The automotive industry has fed my entire career. I have talked about horsepower, fuel economy, and marketing strategy so often over the last 30 years that sometimes it all blurs together.
That said, I find what’s going on in one small-but-growing end of the industry incredibly fascinating: electric vehicles.
Despite low fuel prices and insatiable consumer demand for SUVs, creating what could be viewed as a hostile environment for these products, zero-emission electric vehicles are finding a stable foothold.

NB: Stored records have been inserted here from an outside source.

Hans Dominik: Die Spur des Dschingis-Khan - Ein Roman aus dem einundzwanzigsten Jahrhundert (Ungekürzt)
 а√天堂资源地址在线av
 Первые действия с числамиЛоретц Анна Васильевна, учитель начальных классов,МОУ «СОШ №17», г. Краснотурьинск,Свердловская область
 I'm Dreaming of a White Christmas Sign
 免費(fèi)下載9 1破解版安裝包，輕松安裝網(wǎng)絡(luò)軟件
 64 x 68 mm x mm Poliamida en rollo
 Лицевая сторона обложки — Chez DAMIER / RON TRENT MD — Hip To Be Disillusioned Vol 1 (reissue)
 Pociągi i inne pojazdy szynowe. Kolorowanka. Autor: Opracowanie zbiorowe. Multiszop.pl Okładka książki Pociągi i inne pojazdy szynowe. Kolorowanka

Arguably, this is due in part to government regulations and tax incentives, but also automakers spending billions of dollars in research jockeying for a competitive edge with the powertrain of tomorrow. Moreover, the public sector is stepping-up with support for the infrastructure needed by the vehicles of the future.
I’ll give you an example. Recently, my team was testing a pre-production Ioniq EV in the streets around Toronto and were astounded by the number of charging stations available. Customers hesitant to leap to an EV will quickly find their concerns about finding a charge port groundless.
But for some, an EV won’t be the answer. On a recent business trip, I used Uber to experience this disruptive force. As it often does, my conversation with the driver led to my work and, specifically, the growing chatter on electric vehicles.
She wanted to reduce her environmental footprint, but had concerns. After we spoke of limited range and lengthy recharging times, she exclaimed: “An electric car could be great for commuters, but I would never buy one. I wouldn’t make any money waiting for the battery to recharge!”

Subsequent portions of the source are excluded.